> Task prompt
Leave out the pictures and reproduce all of the data exactly.
BEGIN
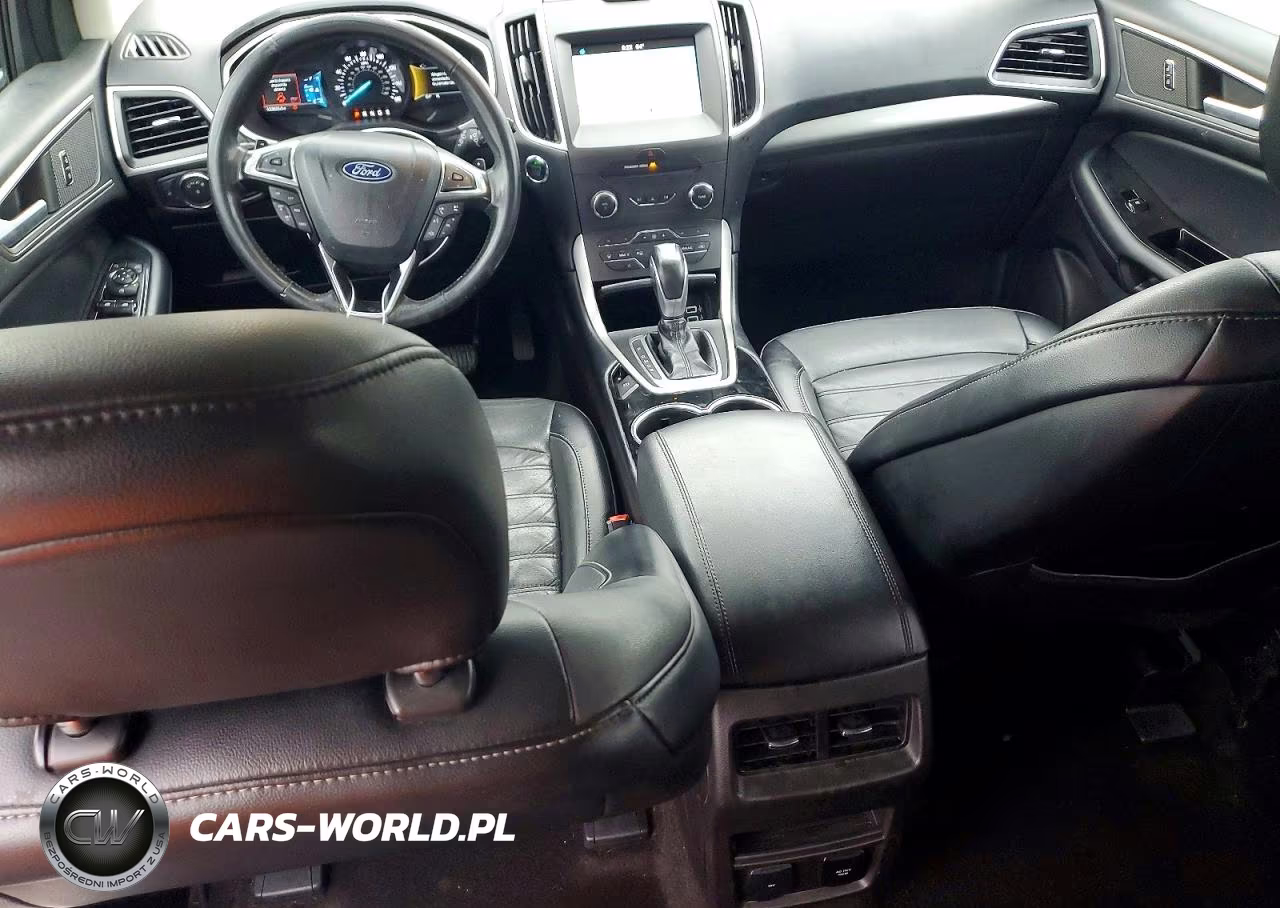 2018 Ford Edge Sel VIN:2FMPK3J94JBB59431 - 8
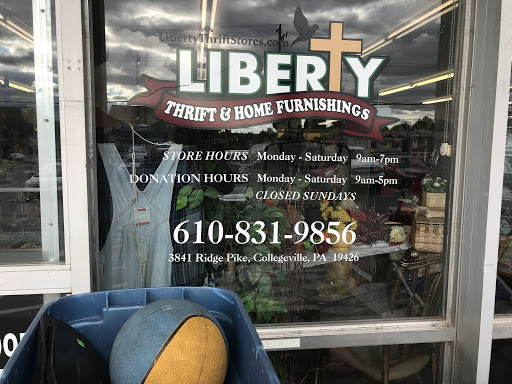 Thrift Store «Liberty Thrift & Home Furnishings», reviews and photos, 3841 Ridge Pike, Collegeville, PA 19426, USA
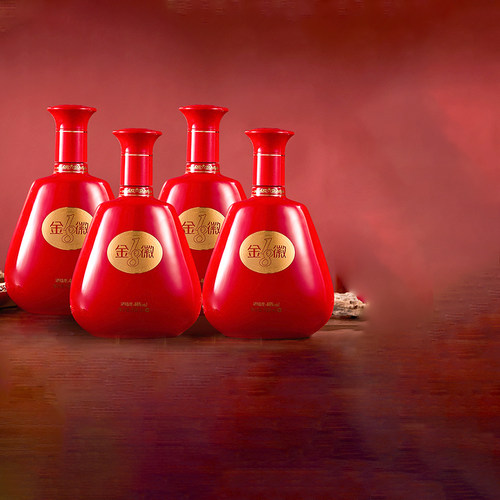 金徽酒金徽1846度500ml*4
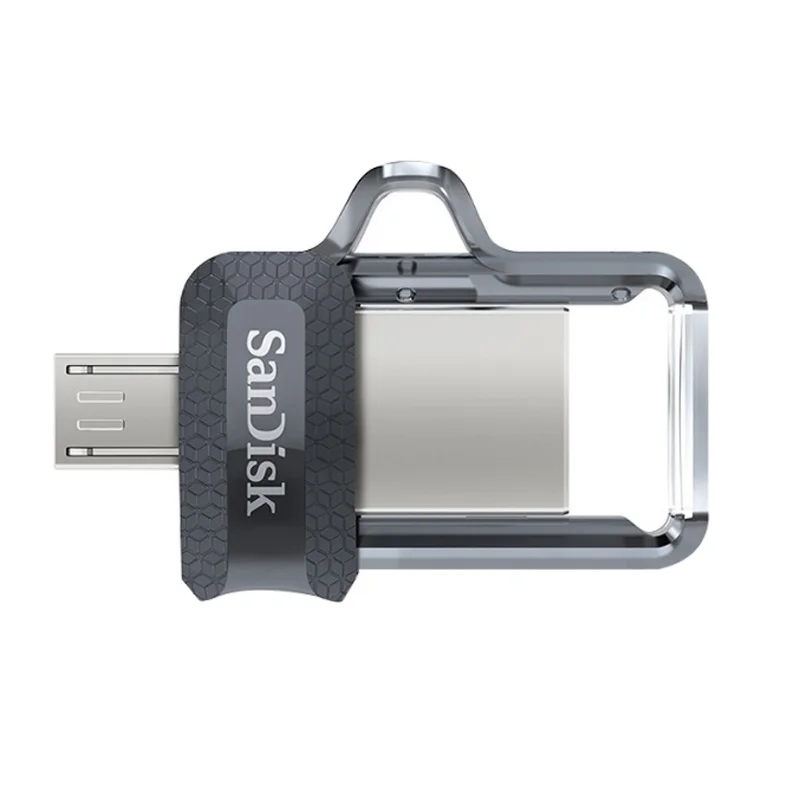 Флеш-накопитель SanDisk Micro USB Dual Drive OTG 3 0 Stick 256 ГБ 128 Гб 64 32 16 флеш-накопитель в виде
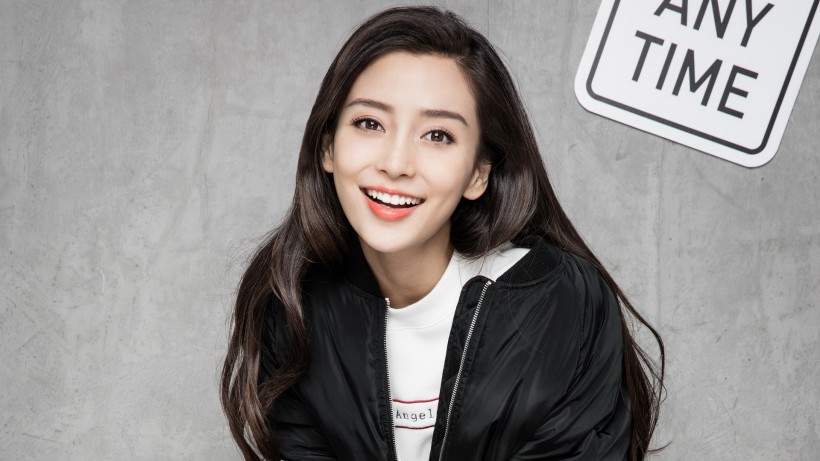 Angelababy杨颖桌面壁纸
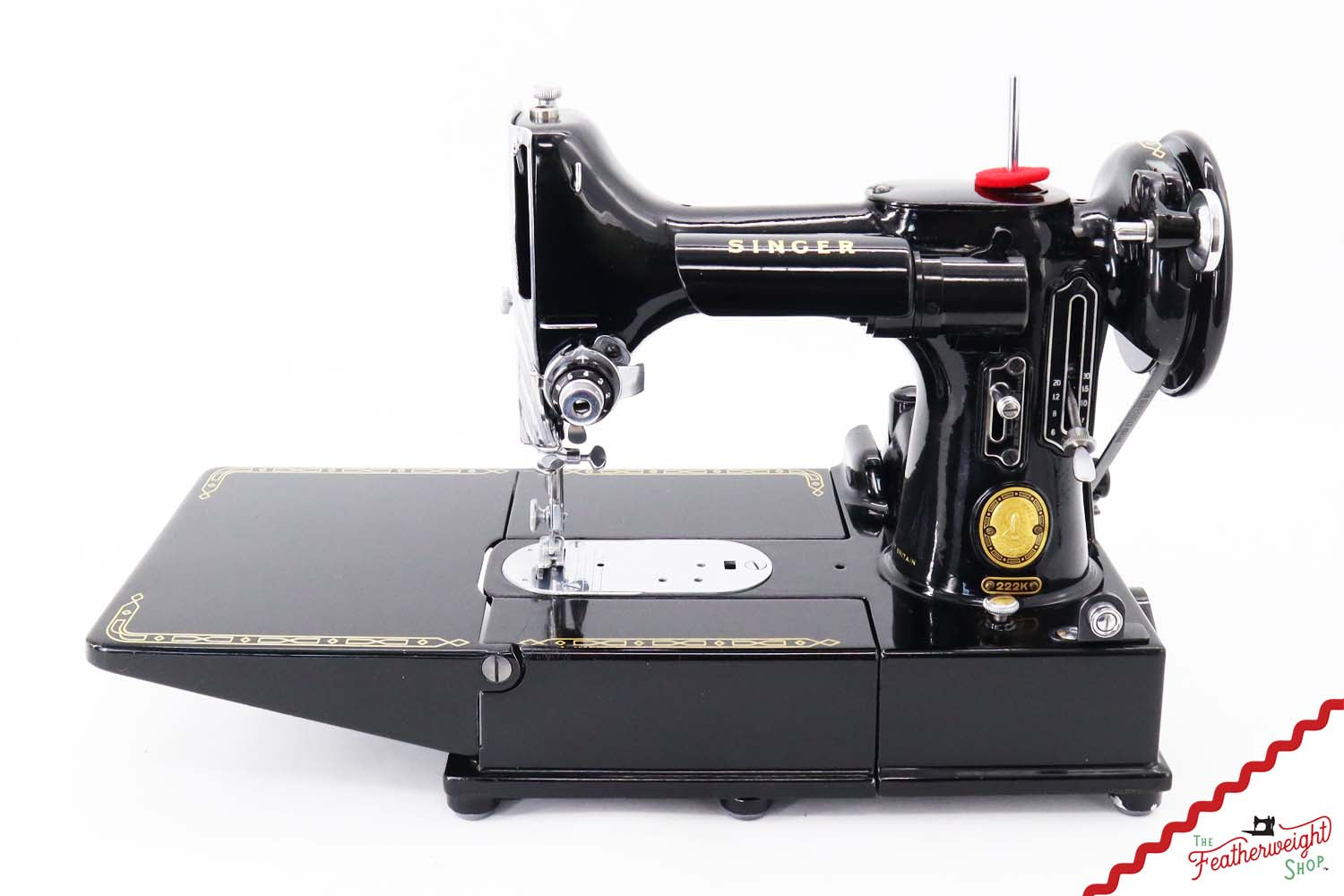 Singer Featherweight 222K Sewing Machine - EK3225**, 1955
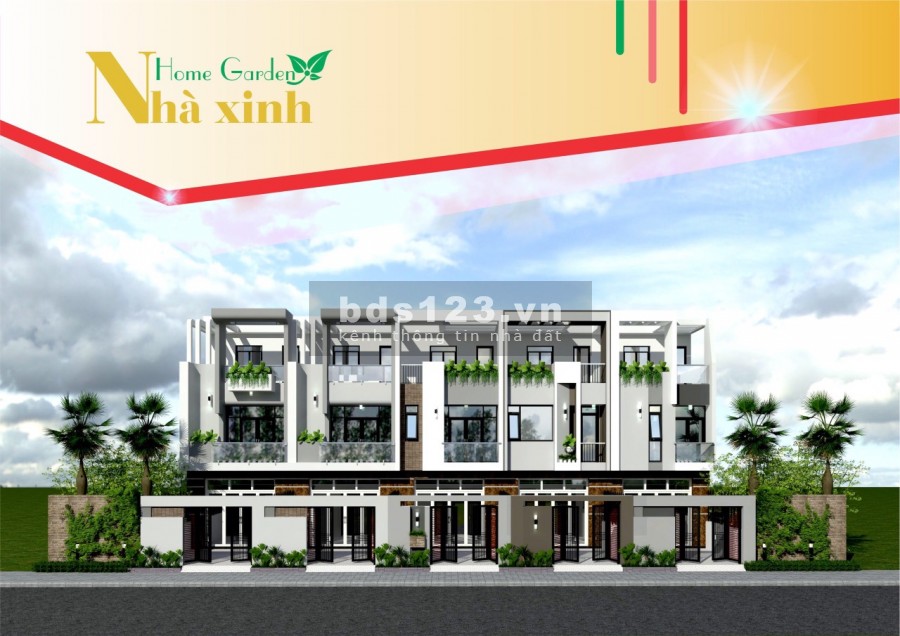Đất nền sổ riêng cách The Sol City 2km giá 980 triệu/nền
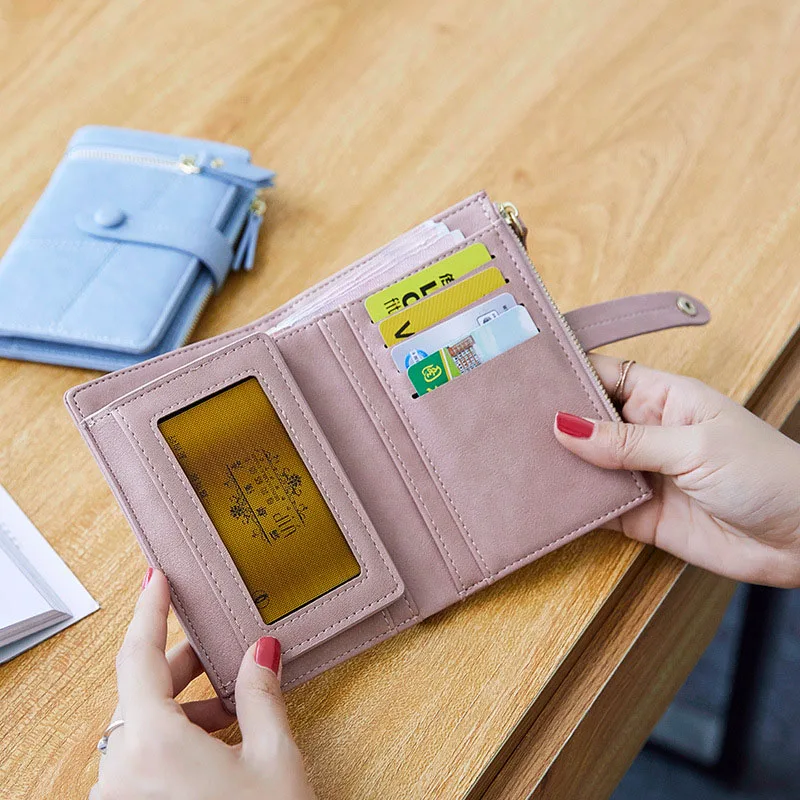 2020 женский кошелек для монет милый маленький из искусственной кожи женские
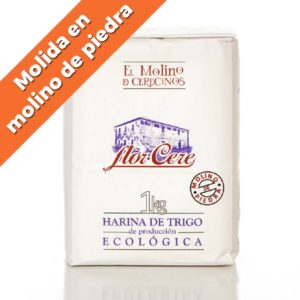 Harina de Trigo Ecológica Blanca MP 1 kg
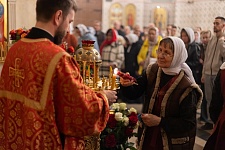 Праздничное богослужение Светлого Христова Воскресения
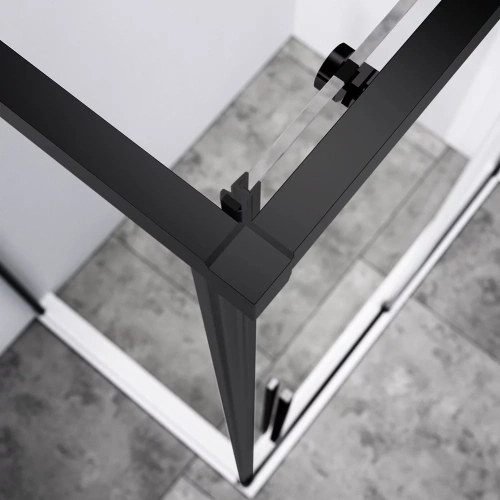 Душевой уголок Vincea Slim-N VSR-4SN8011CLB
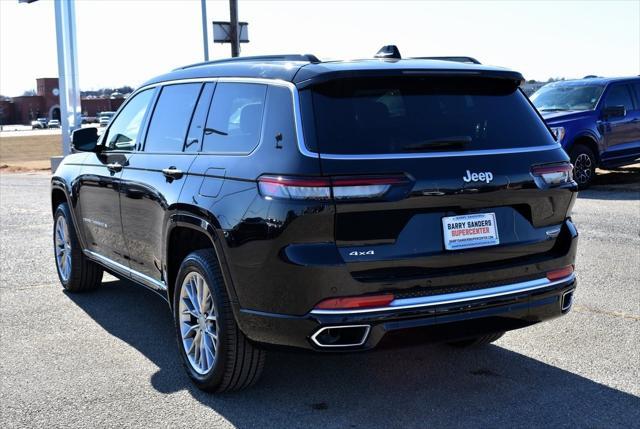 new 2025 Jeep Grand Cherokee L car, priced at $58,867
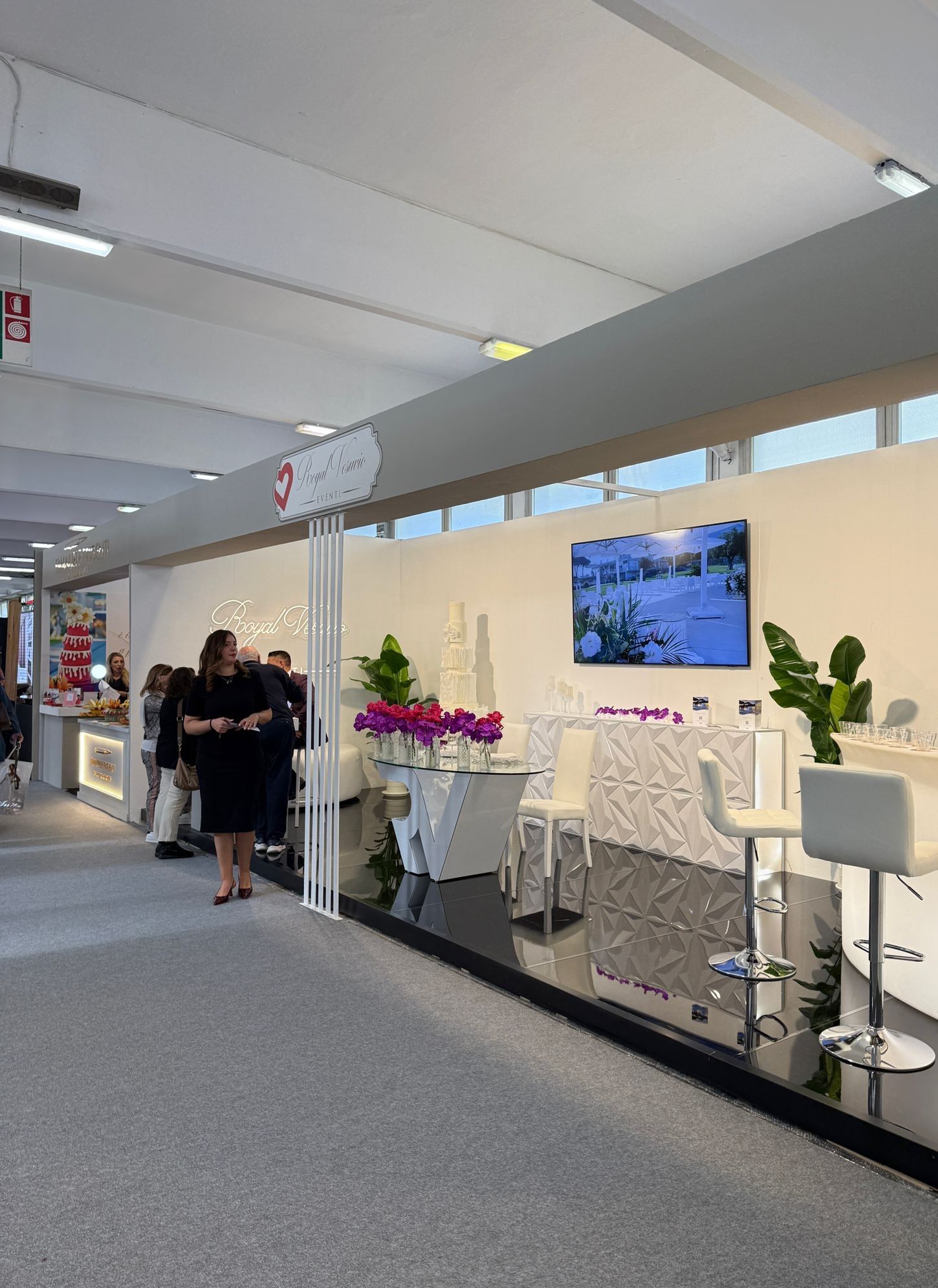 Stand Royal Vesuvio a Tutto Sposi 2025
END
> The answer
 2018 Ford Edge Sel VIN:2FMPK3J94JBB59431 - 8
 Thrift Store «Liberty Thrift & Home Furnishings», reviews and photos, 3841 Ridge Pike, Collegeville, PA 19426, USA
 金徽酒金徽1846度500ml*4
 Флеш-накопитель SanDisk Micro USB Dual Drive OTG 3 0 Stick 256 ГБ 128 Гб 64 32 16 флеш-накопитель в виде
 Angelababy杨颖桌面壁纸
 Singer Featherweight 222K Sewing Machine - EK3225**, 1955
Đất nền sổ riêng cách The Sol City 2km giá 980 triệu/nền
 2020 женский кошелек для монет милый маленький из искусственной кожи женские
 Harina de Trigo Ecológica Blanca MP 1 kg
 Праздничное богослужение Светлого Христова Воскресения
 Душевой уголок Vincea Slim-N VSR-4SN8011CLB
 new 2025 Jeep Grand Cherokee L car, priced at $58,867
 Stand Royal Vesuvio a Tutto Sposi 2025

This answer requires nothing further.